(PROBLEM DETAILS)
Starting at the line that contains "NO BRAND(ノーブランド) 80-90s", write out every line through the end of the records below exactly as it appears, and leave out all pictures.

---------- DATA SUPPLIED

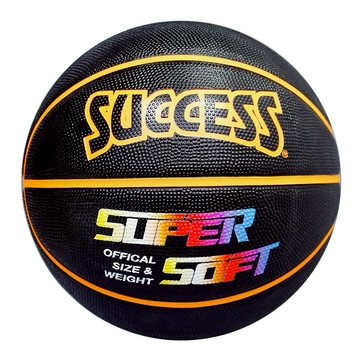 [快速出貨][運動文教 生日禮物]【成功SUCCESS】超黏螢光籃球7號黑橘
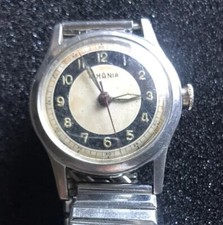 Vintage Lemania Bullseye Swiss Made 17 Jewels Wristwatch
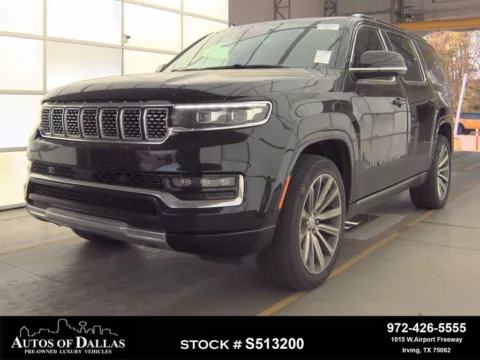 Black 2023 Jeep Grand Wagoneer Series II for sale in Irving, TX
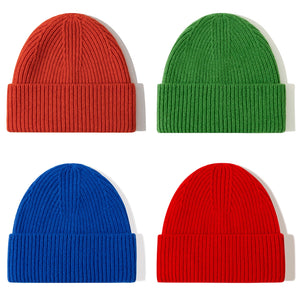 MERINO WOOL EVERYDAY BEANIES - crystal bright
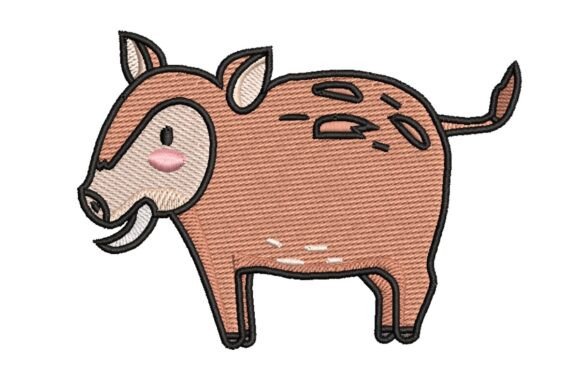 Cute Wild Boar Embroidery Review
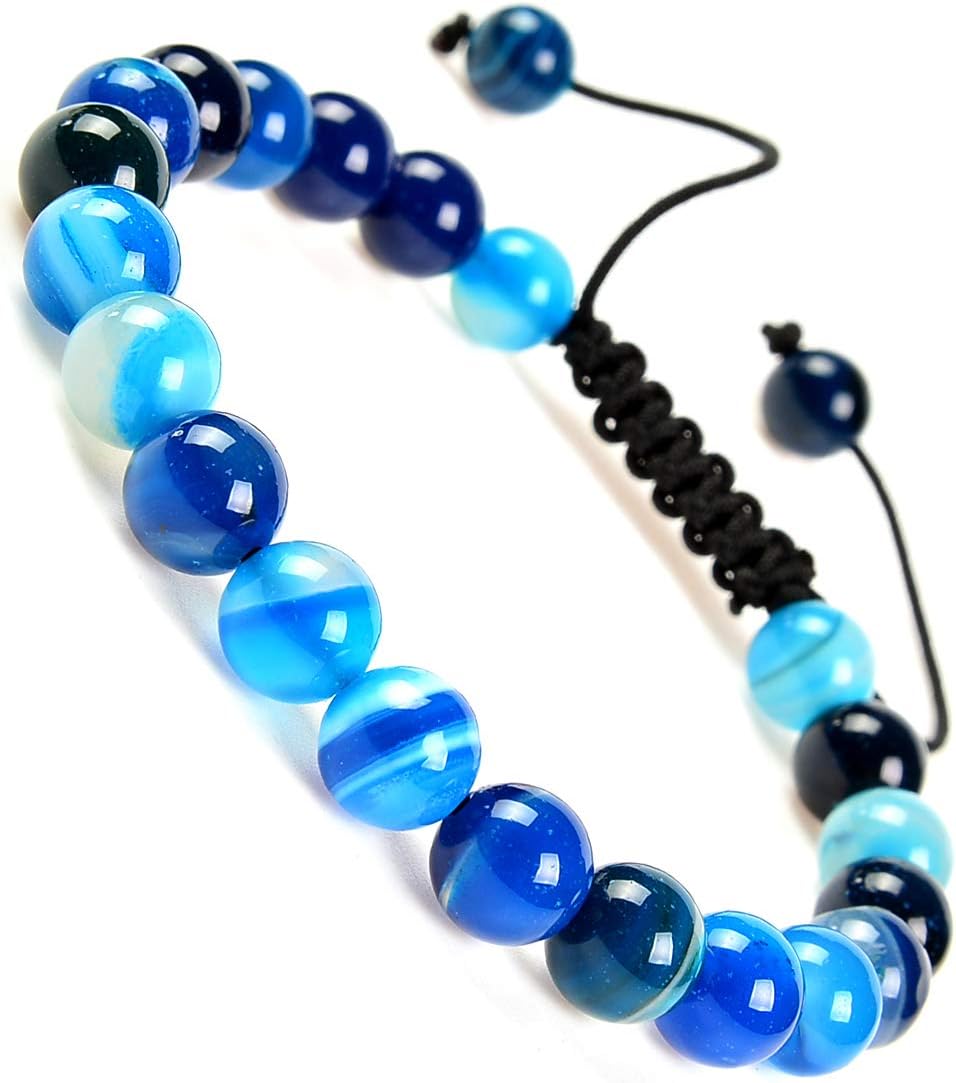 Massive Beads Real Black Tourmaline Yoga Healing Root Base Chakra Protection Bracelet Natural Gemstones Emotional Stailization (Black Tourmaline): Jewelry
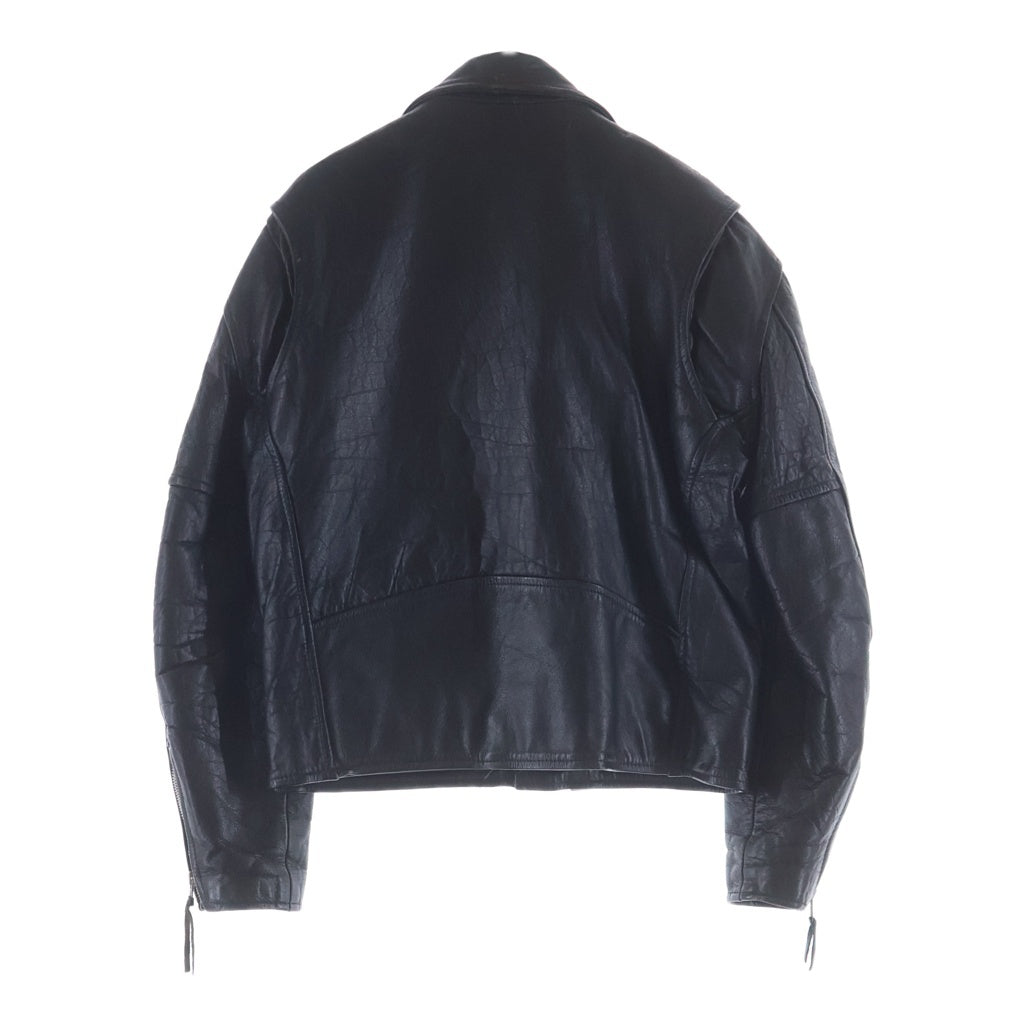NO BRAND(ノーブランド) 80-90s vintage Protech DOUBLE RIDERS LEATHER JACKET ダブルライダースジャケット ブラック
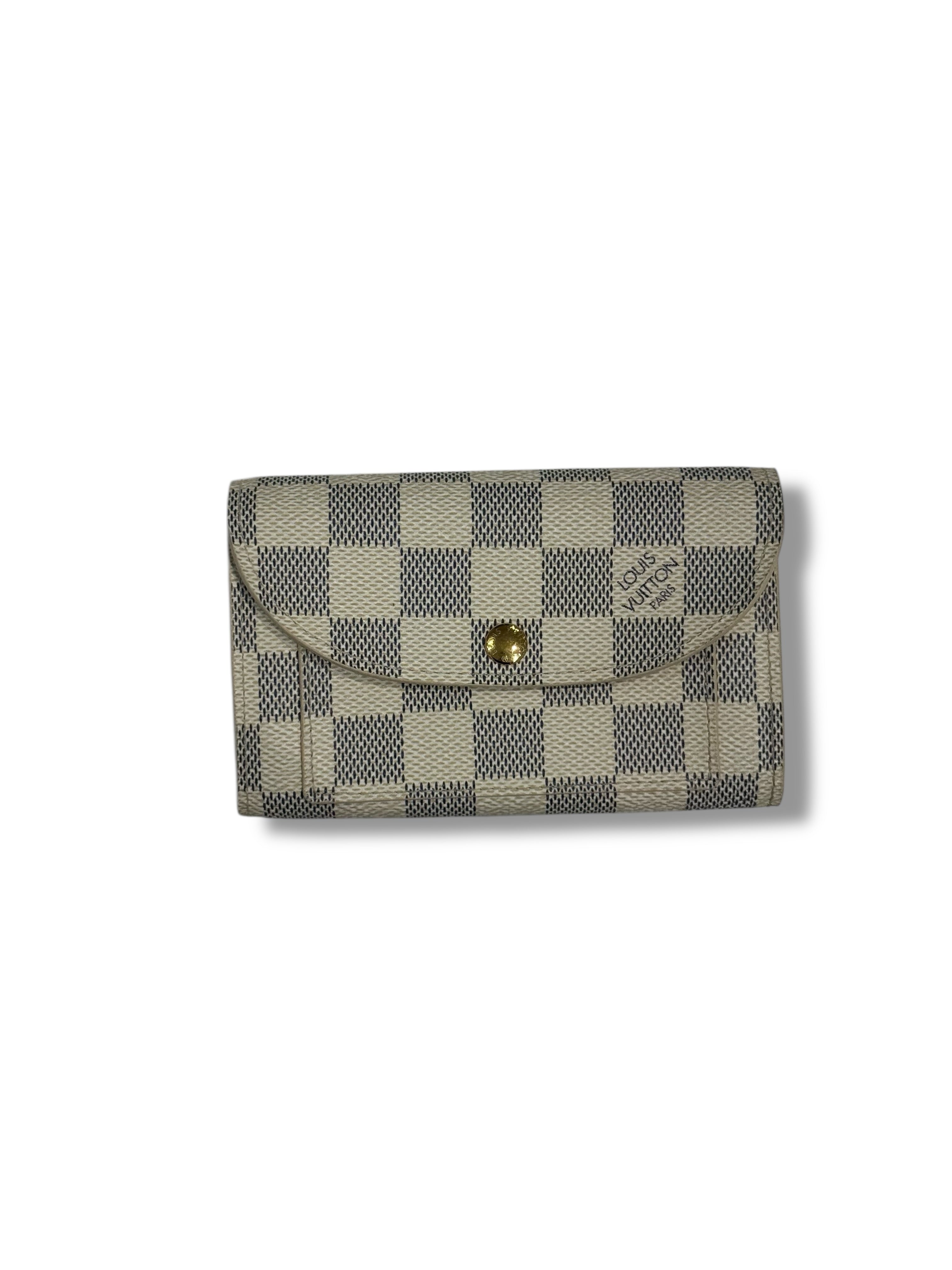 Louis Vuitton : Petit portefeuille Damier Azur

--------------------

(RESPONSE TO THIS EXERCISE)
NO BRAND(ノーブランド) 80-90s vintage Protech DOUBLE RIDERS LEATHER JACKET ダブルライダースジャケット ブラック
 Louis Vuitton : Petit portefeuille Damier Azur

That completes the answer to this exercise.